STEP 10: Finalizing models

Similar to what we went through in Part 3: Analysing with Tidymodels, we also have to finalize the models from the tuning results using the best performing (hyper)-parameter configurations. We are going to do this last fitting of the models using the training set. The first step is to pick a workflow to finalize.

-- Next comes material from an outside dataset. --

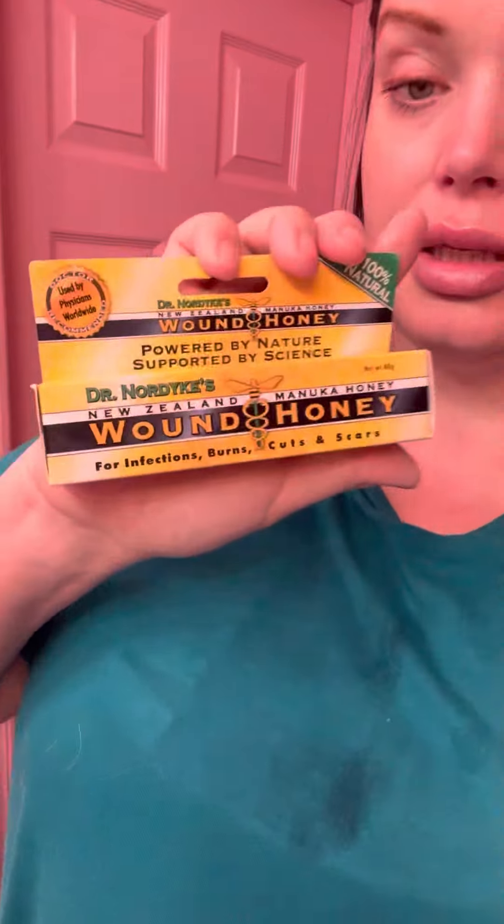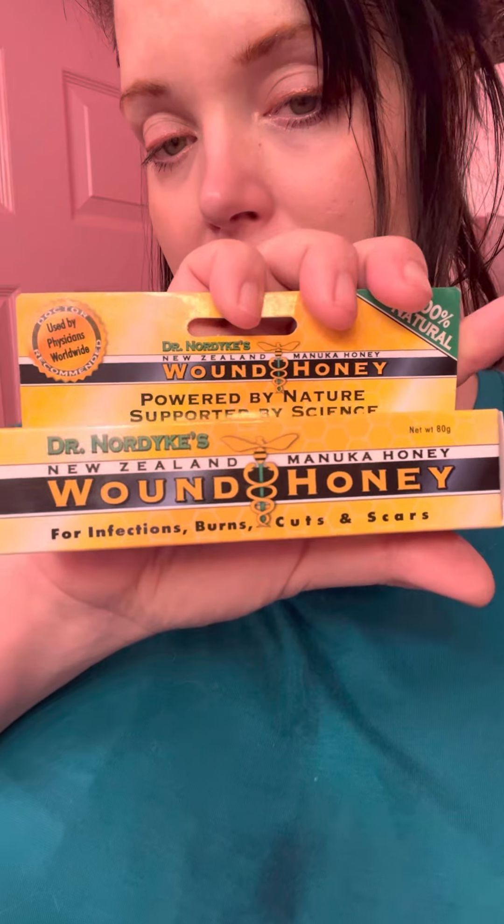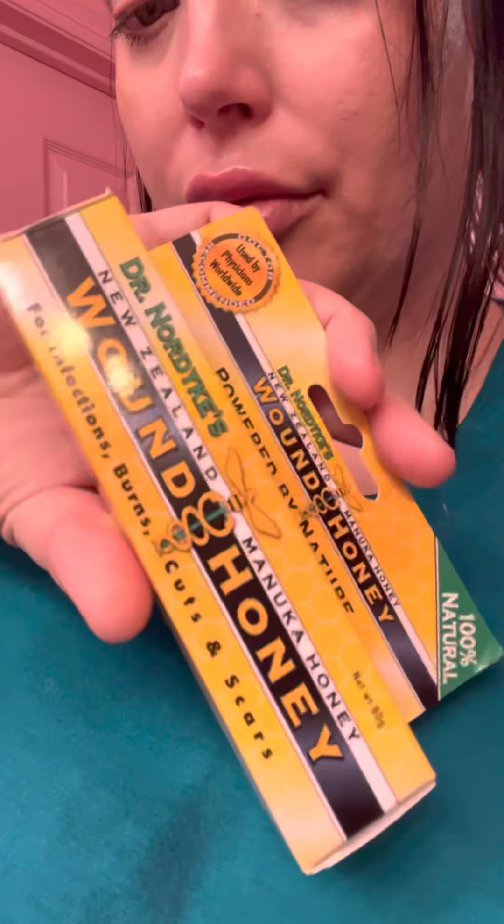I got some manuka honey so that my nipples heal just right, because what they did is they actually took off the nipple and put it back on, so this is just to make sure that all the skin grows back correctly and any skin loss grows back just right. It's manuka — M-A-N-U-K-A — honey. This kind is by Dr. Nordtics, and it's just called Wound Honey. You can find it on Amazon: Wound Honey.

Since Random Forest models (RF), boosted tree models (XGB), decision tree models (cart) and generalized linear models (glm) worked well, we’ll extract the best configurations from the sets, update the parameters with the numerically best settings, and fit to the training set.

Extracting best performing model (hyper)-parameter configurations

rf_wf_best_rmse_results_of_race <- 
   wflwset_setup_race_results_clean %>% 
   extract_workflow_set_result("normalized_RF") %>% 
   select_best(metric = "rmse")

xgb_wf_best_rmse_results_of_race <- 
   wflwset_setup_race_results_clean %>% 
   extract_workflow_set_result("interaction_XGB") %>% 
   select_best(metric = "rmse")

cart_wf_best_rmse_results_of_race <- 
   wflwset_setup_race_results_clean %>% 
   extract_workflow_set_result("rm_corr_cart") %>% 
   select_best(metric = "rmse")

glm_wf_best_rmse_results_of_race <- 
   wflwset_setup_race_results_clean %>% 
   extract_workflow_set_result("interaction_glm") %>% 
   select_best(metric = "rmse")

Saving best performing models

Show code
# SAVING THE BEST PERFORMING MODEL CONFIGURATIONS

saveRDS(rf_wf_best_rmse_results_of_race, here::here("TidyModWflSet_OUTPUT","rf_wf_best_rmse_results_of_race.RDS"))
saveRDS(xgb_wf_best_rmse_results_of_race, here::here("TidyModWflSet_OUTPUT","xgb_wf_best_rmse_results_of_race.RDS"))
saveRDS(cart_wf_best_rmse_results_of_race, here::here("TidyModWflSet_OUTPUT","cart_wf_best_rmse_results_of_race.RDS"))
saveRDS(glm_wf_best_rmse_results_of_race, here::here("TidyModWflSet_OUTPUT","glm_wf_best_rmse_results_of_race.RDS"))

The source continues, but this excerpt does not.